▶ Dataset
- - -

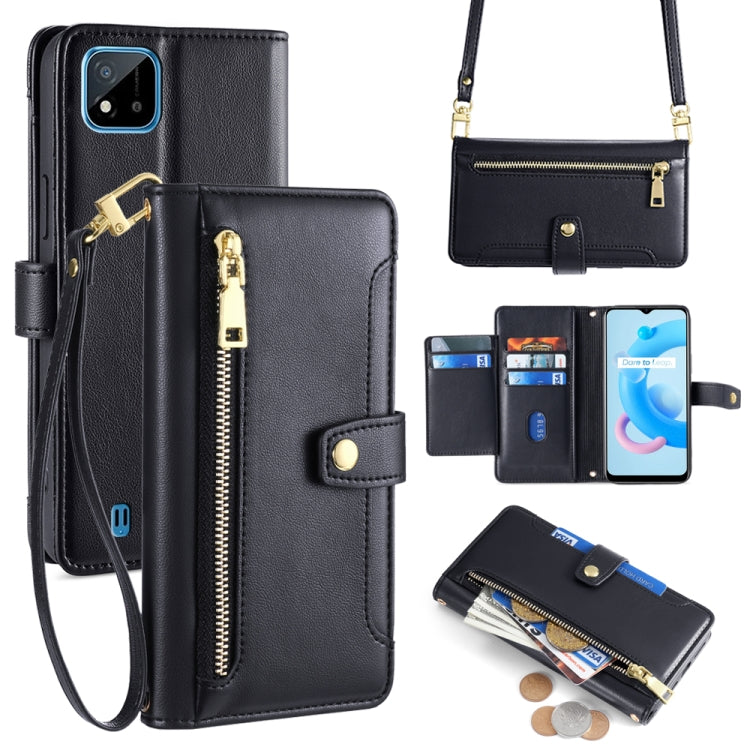 Sheep Texture Cross-body Zipper Wallet Leather Phone Case, For Realme 8 / 8 Pro, For Realme C20, For Realme C12 / Narzo 20, For Realme 7 / Narzo 20 Pro, For Realme C15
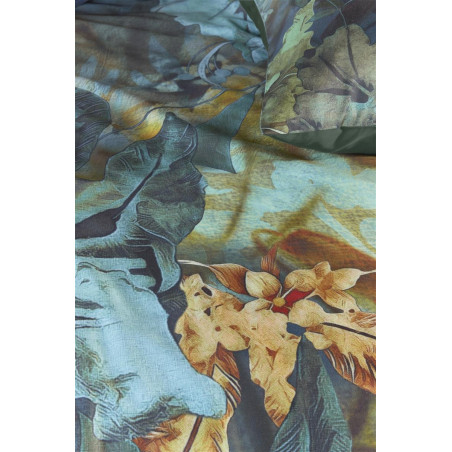 Voodipesukomplekt Floral Embrace Blue Green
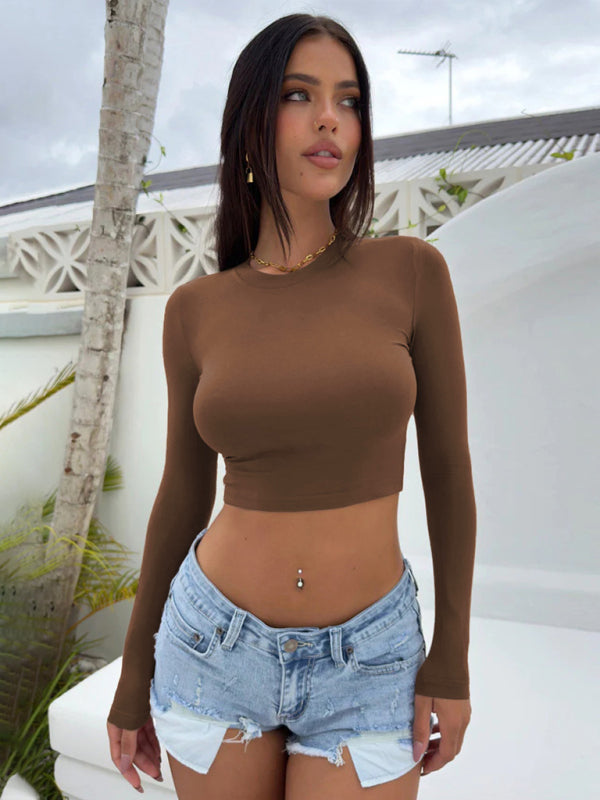 Women's new tight-fitting navel-baring hot girl outfit super short long-sleeved T-shirt
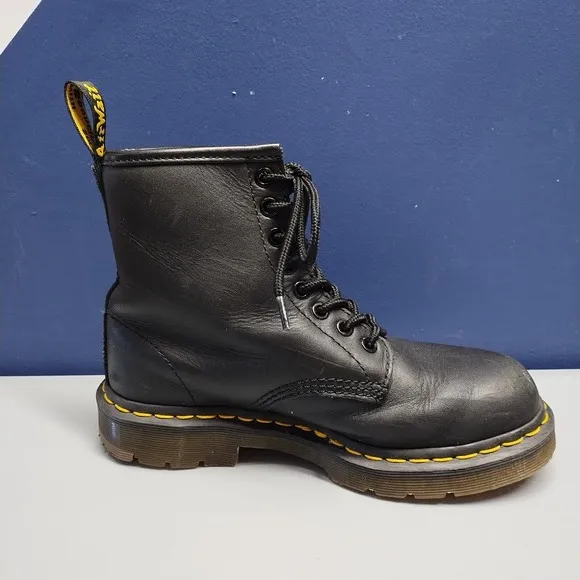 Dr Martens Safety Boots Unisex 5M/6W Black Slip Resistant Round Toe Lace Up EUC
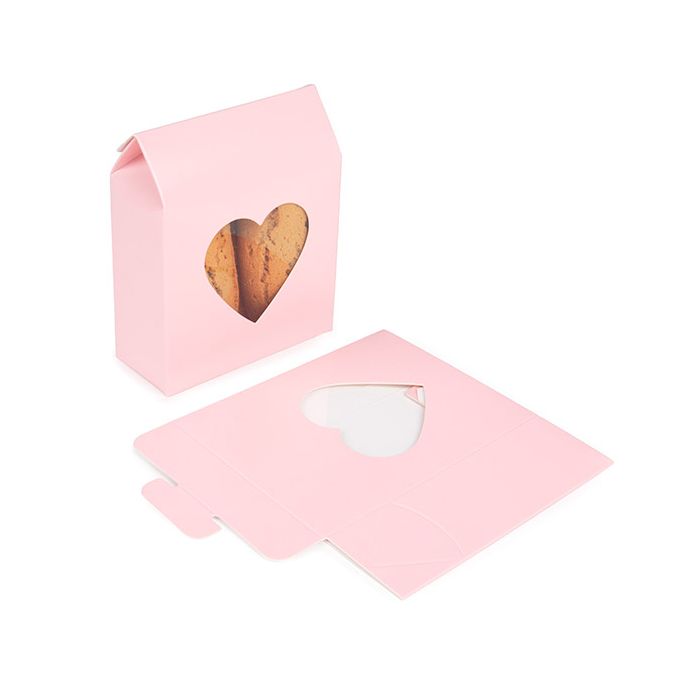 Boite Kraft Rose Avec fenêtre en forme de cœur 10,5x4,4x13,3 cm (25 pièces) [FS350]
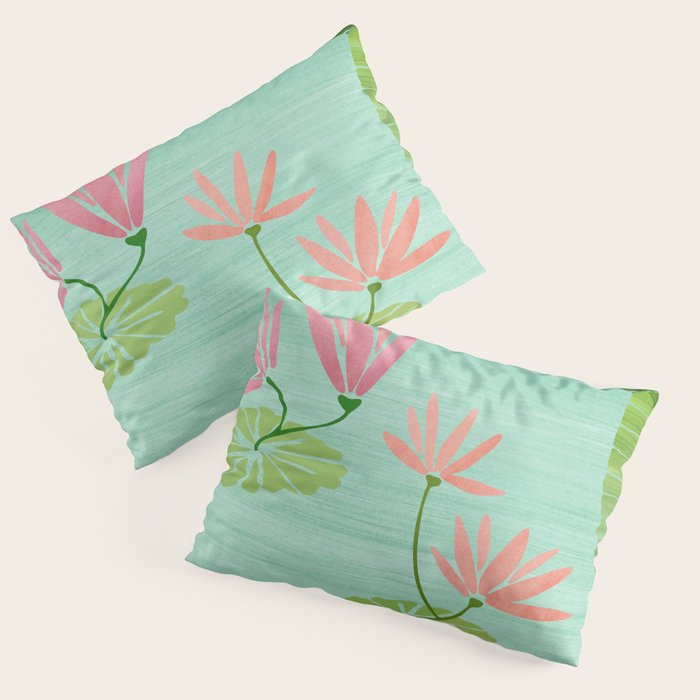 Morocco Meditation Garden - Pink and Green Landscape Pillow Sham Gallery Image 1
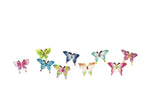 9 different Colorful butterfly earrings on a white background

- - -

▶ Task objective
Would you set down every line of the data above exactly, skipping the pictures?

▶ Answer to this exercise
 Sheep Texture Cross-body Zipper Wallet Leather Phone Case, For Realme 8 / 8 Pro, For Realme C20, For Realme C12 / Narzo 20, For Realme 7 / Narzo 20 Pro, For Realme C15
 Voodipesukomplekt Floral Embrace Blue Green
 Women's new tight-fitting navel-baring hot girl outfit super short long-sleeved T-shirt
 Dr Martens Safety Boots Unisex 5M/6W Black Slip Resistant Round Toe Lace Up EUC
 Boite Kraft Rose Avec fenêtre en forme de cœur 10,5x4,4x13,3 cm (25 pièces) [FS350]
 Morocco Meditation Garden - Pink and Green Landscape Pillow Sham Gallery Image 1
 9 different Colorful butterfly earrings on a white background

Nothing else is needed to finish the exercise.